:: Supplied entries

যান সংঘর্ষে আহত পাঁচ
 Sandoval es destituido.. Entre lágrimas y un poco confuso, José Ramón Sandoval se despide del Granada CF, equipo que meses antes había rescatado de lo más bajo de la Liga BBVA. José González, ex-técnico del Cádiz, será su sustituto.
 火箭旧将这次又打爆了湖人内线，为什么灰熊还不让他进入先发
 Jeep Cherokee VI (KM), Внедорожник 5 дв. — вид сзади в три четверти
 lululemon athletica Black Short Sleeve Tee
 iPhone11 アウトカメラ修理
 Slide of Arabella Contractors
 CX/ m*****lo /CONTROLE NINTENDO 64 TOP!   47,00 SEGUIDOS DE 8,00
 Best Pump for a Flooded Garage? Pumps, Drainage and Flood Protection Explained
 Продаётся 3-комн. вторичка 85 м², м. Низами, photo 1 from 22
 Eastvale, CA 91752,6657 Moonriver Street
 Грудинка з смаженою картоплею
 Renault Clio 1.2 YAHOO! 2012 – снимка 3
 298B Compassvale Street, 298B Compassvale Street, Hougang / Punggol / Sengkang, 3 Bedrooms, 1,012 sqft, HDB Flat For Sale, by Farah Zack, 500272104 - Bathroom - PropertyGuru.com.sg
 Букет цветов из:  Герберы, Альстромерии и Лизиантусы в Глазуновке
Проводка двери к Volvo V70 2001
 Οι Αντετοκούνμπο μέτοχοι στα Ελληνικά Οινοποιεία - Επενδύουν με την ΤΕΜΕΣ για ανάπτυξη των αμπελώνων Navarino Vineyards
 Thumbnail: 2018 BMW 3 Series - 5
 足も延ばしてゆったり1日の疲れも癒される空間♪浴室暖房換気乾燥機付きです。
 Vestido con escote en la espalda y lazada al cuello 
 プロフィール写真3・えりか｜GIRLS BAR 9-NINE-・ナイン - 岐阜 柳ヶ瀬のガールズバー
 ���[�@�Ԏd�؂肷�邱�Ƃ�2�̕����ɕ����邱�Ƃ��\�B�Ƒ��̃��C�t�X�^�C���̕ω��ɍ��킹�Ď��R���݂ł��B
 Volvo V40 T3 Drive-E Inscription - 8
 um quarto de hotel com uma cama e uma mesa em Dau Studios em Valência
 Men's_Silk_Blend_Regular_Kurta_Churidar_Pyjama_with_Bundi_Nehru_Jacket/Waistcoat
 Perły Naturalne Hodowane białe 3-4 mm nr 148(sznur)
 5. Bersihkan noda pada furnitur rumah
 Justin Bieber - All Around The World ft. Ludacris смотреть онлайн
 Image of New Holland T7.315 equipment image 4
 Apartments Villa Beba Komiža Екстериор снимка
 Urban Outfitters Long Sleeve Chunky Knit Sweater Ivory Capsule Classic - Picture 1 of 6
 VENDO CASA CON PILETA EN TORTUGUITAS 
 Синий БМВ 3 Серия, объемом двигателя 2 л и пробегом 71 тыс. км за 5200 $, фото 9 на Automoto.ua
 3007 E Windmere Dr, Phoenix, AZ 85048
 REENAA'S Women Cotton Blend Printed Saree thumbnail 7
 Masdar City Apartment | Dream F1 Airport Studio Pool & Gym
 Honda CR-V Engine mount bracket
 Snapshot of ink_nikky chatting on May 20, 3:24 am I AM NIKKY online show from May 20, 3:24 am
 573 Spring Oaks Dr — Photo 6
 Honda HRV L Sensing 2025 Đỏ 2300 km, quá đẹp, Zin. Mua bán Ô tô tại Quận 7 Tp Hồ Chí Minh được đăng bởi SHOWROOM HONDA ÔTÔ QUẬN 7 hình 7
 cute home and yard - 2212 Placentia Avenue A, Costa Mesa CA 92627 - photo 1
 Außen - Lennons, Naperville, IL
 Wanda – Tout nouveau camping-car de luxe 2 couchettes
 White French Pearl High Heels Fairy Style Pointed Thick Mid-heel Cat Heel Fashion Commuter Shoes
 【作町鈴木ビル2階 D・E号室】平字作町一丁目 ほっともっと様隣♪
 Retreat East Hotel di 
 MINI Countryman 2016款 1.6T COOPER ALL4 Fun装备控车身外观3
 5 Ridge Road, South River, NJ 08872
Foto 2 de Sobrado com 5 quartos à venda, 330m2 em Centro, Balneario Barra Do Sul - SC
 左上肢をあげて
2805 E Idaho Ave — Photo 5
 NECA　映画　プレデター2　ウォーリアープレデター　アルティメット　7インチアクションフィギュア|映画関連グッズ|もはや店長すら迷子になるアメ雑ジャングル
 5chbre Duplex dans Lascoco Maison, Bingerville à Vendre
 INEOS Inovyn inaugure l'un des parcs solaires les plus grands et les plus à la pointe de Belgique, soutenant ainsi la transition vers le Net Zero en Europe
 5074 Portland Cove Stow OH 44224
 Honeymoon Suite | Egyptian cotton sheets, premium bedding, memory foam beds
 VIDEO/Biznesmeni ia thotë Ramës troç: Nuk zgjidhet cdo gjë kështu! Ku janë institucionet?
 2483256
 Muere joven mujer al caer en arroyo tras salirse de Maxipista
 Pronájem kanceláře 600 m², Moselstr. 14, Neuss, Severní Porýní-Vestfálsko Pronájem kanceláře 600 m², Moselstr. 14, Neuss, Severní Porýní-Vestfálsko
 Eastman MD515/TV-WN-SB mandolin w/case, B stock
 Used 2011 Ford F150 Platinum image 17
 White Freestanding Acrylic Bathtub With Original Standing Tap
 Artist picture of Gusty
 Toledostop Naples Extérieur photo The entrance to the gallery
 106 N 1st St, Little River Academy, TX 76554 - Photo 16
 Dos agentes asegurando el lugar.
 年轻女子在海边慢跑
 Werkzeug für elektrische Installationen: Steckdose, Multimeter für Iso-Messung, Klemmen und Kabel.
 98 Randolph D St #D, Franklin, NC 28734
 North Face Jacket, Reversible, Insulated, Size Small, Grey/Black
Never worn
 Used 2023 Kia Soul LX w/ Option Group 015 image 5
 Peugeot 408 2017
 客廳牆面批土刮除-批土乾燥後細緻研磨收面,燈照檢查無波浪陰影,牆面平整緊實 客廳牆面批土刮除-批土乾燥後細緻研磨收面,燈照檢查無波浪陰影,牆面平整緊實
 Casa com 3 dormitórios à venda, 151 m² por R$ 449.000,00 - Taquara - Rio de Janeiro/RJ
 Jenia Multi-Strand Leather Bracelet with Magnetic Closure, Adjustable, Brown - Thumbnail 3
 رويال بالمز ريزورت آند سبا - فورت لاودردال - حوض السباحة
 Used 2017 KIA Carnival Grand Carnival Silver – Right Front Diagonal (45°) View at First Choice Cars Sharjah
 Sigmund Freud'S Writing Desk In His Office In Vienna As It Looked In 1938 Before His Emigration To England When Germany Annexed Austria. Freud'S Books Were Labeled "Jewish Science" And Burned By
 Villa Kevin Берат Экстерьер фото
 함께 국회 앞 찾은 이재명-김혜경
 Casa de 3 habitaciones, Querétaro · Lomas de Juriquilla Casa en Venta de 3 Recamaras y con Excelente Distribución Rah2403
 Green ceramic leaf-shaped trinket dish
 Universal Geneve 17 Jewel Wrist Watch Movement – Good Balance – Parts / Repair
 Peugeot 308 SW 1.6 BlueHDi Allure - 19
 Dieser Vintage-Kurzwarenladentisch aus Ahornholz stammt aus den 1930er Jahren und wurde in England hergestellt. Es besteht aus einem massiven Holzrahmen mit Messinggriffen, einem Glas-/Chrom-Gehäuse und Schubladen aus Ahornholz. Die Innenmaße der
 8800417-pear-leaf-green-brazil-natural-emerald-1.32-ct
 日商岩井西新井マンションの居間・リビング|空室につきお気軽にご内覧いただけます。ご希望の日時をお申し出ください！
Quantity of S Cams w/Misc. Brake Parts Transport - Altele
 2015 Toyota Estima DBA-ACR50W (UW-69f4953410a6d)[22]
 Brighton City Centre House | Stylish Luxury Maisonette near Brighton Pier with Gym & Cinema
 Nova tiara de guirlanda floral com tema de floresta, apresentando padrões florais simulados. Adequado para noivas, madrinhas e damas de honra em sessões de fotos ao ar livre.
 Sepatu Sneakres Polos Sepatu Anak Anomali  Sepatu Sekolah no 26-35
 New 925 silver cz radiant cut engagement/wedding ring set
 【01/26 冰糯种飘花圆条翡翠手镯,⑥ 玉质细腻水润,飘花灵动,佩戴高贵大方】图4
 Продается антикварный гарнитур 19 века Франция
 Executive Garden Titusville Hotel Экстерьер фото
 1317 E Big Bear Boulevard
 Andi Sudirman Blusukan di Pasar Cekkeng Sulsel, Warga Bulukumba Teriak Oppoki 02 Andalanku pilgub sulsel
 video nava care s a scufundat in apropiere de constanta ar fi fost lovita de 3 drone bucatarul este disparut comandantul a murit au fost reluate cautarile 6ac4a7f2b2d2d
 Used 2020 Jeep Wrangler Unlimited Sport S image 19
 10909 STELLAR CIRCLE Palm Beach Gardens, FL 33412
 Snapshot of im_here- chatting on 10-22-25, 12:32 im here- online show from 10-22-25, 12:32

::::

**Prompt:**
Search the records for the word "from", then list every line that has it.

**Output of the task:**
 Продаётся 3-комн. вторичка 85 м², м. Низами, photo 1 from 22
 Snapshot of ink_nikky chatting on May 20, 3:24 am I AM NIKKY online show from May 20, 3:24 am
 Snapshot of im_here- chatting on 10-22-25, 12:32 im here- online show from 10-22-25, 12:32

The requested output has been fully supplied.